--- SUPPLIED DATA Enclosed Below ---
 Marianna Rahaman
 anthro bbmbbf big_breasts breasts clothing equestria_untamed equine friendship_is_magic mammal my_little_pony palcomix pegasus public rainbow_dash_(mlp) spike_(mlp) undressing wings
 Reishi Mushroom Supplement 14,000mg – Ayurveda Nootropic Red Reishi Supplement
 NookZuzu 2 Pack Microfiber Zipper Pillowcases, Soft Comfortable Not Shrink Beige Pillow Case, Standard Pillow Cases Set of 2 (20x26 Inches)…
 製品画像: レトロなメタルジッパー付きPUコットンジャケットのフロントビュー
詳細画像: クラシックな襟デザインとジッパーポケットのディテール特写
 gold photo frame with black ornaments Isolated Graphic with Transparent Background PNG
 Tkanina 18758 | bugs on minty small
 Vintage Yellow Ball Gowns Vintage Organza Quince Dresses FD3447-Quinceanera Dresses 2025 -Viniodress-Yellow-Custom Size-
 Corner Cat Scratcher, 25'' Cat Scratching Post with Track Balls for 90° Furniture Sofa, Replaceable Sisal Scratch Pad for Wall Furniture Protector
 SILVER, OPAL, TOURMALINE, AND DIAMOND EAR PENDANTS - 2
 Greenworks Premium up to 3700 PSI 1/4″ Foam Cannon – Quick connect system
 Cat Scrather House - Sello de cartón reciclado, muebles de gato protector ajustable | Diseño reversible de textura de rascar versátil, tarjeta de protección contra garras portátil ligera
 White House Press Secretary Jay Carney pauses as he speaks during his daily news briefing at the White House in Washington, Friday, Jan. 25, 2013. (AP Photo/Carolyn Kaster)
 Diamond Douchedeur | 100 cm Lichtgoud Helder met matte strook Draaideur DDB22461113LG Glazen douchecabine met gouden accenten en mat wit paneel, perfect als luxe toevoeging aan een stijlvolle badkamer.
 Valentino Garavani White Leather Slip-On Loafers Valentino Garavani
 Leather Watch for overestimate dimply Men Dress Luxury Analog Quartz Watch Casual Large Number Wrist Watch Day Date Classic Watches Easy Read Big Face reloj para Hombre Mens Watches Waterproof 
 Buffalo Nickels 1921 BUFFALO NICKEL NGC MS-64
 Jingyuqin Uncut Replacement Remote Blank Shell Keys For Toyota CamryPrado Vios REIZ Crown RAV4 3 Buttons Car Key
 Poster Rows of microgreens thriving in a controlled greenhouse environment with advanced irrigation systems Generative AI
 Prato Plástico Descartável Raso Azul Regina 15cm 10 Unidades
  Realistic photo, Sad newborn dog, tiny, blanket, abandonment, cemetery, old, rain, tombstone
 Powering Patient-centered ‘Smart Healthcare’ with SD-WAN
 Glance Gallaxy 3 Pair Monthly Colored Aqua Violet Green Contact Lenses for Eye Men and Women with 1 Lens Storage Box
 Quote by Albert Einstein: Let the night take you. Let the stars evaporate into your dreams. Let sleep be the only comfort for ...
--- End of Enclosed SUPPLIED DATA ---
> **TASK BRIEF**: Give back exactly the lines from the first line of the records through the line holding "Vintage Yellow Ball", including both of those lines and leaving out all others.

> **ANSWER AREA**:
 Marianna Rahaman
 anthro bbmbbf big_breasts breasts clothing equestria_untamed equine friendship_is_magic mammal my_little_pony palcomix pegasus public rainbow_dash_(mlp) spike_(mlp) undressing wings
 Reishi Mushroom Supplement 14,000mg – Ayurveda Nootropic Red Reishi Supplement
 NookZuzu 2 Pack Microfiber Zipper Pillowcases, Soft Comfortable Not Shrink Beige Pillow Case, Standard Pillow Cases Set of 2 (20x26 Inches)…
 製品画像: レトロなメタルジッパー付きPUコットンジャケットのフロントビュー
詳細画像: クラシックな襟デザインとジッパーポケットのディテール特写
 gold photo frame with black ornaments Isolated Graphic with Transparent Background PNG
 Tkanina 18758 | bugs on minty small
 Vintage Yellow Ball Gowns Vintage Organza Quince Dresses FD3447-Quinceanera Dresses 2025 -Viniodress-Yellow-Custom Size-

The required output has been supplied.